FWIW, while I agree with the sentiment, this is not a get-rich-quick scheme. Infrastructure has infamously long payback times which is why it is traditionally built and paid for by the state with all the attendant risks and problems that brings with it (Berlin's airport is the current poster child cockup). So, to encourage investment in long term projects governments have hit upon guaranteeing rates of return. There is likely to be more of this for two reasons: the state can't afford to pay for new projects directly; fiscal repression and money printing have driven down returns on government bonds so much that investors, particularly insurance and pension companies, are looking for alternative long-term investments with similarly guaranteed yields.

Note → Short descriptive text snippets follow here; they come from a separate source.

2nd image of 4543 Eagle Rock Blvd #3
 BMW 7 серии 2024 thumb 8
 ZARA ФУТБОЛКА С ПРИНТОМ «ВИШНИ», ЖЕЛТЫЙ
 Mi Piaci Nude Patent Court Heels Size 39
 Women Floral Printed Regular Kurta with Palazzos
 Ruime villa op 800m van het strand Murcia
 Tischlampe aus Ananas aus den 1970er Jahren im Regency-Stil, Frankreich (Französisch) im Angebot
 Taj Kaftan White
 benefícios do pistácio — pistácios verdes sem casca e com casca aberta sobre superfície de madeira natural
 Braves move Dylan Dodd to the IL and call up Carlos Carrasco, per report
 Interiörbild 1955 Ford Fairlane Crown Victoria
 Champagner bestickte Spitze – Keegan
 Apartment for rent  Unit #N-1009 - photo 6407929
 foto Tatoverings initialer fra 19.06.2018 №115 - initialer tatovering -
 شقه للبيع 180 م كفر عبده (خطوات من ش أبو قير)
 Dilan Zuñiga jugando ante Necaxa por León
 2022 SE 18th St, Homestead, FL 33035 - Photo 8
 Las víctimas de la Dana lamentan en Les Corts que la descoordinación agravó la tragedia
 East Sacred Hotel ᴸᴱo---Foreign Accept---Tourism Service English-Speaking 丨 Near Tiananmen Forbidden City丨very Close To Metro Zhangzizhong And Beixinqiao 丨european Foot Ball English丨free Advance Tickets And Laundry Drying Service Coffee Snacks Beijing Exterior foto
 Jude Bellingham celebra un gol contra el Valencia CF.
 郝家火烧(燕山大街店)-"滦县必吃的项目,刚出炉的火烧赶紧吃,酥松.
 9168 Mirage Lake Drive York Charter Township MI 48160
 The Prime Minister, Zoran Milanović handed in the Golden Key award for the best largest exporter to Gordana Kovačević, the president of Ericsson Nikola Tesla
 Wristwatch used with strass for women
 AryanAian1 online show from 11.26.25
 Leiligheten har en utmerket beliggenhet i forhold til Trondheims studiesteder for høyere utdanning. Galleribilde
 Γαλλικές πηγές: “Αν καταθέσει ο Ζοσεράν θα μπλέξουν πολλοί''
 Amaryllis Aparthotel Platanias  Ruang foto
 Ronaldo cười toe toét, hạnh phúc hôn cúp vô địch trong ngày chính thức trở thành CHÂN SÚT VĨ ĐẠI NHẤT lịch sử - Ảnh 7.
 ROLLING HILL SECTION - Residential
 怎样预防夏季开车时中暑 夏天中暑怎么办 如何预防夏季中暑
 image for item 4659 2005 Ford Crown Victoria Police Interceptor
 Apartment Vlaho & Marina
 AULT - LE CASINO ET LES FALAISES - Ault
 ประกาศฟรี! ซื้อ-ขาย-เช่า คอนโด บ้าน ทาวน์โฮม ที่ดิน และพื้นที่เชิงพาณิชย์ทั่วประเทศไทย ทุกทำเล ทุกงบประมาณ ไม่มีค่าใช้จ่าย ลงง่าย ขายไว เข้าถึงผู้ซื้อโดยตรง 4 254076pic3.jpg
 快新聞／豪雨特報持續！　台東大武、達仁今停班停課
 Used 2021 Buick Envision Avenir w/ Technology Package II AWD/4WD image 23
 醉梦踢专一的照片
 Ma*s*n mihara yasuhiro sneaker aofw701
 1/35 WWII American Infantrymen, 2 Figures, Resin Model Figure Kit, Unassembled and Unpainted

Handled properly such schemes can work out quite well: pension funds are keener on stable cashflow in the future than unrealistic yields; the surcharge of involving the private sector can be offset against the cost of funding to the taxpayer.
That's the theory. Financing energy, especially renewables, in the UK remains extremely badly thought out which is deterring the necessary investment and likely to lead to ever more hair-brained schemes to get the private sector involved the prospect of a real shortfall of generating capacity gets closer.
Here in Germany we've got similar pressures. Leccy is up to € 0.25 / kWh which is quite a bit more than the UK, I believe. The price is increasingly driven by the surcharge for funding the ever-expanding renewables - this is politically driven but also popular, unfortunately exacerbated by exemptions awarded to industry. The power companies have also successfully lobbied for the costs of connecting the offshore parks to the grid to be underwritten by the state. This, only a couple of years after signing contracts to do same without guarantees. This is somewhat understandable as some of the costs are unknown unknowns - it's never been done before. Still, it is never good for governments to guarantee the absolute profits on such endeavours.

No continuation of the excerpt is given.